It's no longer new or odd for enterprises to use the cloud. The cloud is now a reliable workhorse, and it brings a great deal of value to the business.
A recent Verizon report shows what everyone already knows: Use of the cloud is no longer new or specialized; it's become a solid part of our IT arsenal that most enterprises have already established as a core resource.
If the cloud is not so strange anymore, why isn't everyone doing it? The use of public cloud makes up less than 2 or 3 percent of total enterprise workloads, the major analyst firms concur.
Some enterprises are still holding out on the move to the public cloud by citing security, control, and regulatory rationales. But many of them are starting the transition with a private cloud or two. They're not counted in the analyst figures.
A much bigger undercount involves so-called shadow IT, where employees and even entire departments have bought into public cloud computing. They have SaaS or IaaS cloud assets that will eventually find their way back into corporate IT, which will reluctantly accept the use of public cloud resources. This has already occurred at most Global 2000 companies.
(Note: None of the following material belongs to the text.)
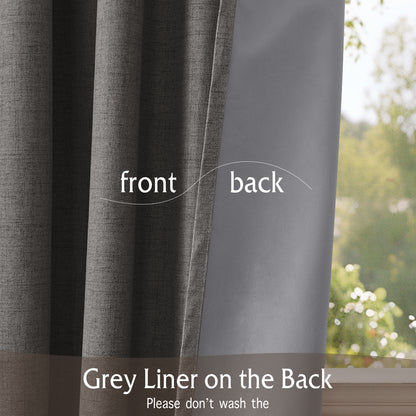 RYB HOME Pinch Pleated Blackout Linen Textured Custom Curtains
But until these unofficial deployments work their way back to IT, these public cloud uses aren't counted either in analyst stats.
Those unofficial deployments will help corporate IT see that the sky doesn't fall when users deploy the public cloud. Indeed, agility goes up and costs drop. Moreover, if the right security approaches and technologies are applied, security actually improves.
This isn't the common wisdom these days, but as time passes and there are no major breaches, cloud will get redemption in the minds of many CIOs.
Don't let the analysts' tiny cloud-adoption stats fool you: Most enterprises are entering their sixth or seventh year using public cloud resources, officially or not. One day, the cloud will not only be accepted as a normal technology source but a resource that's as -- or perhaps more -- important to the enterprise as the corporate data center. That day can't come soon enough.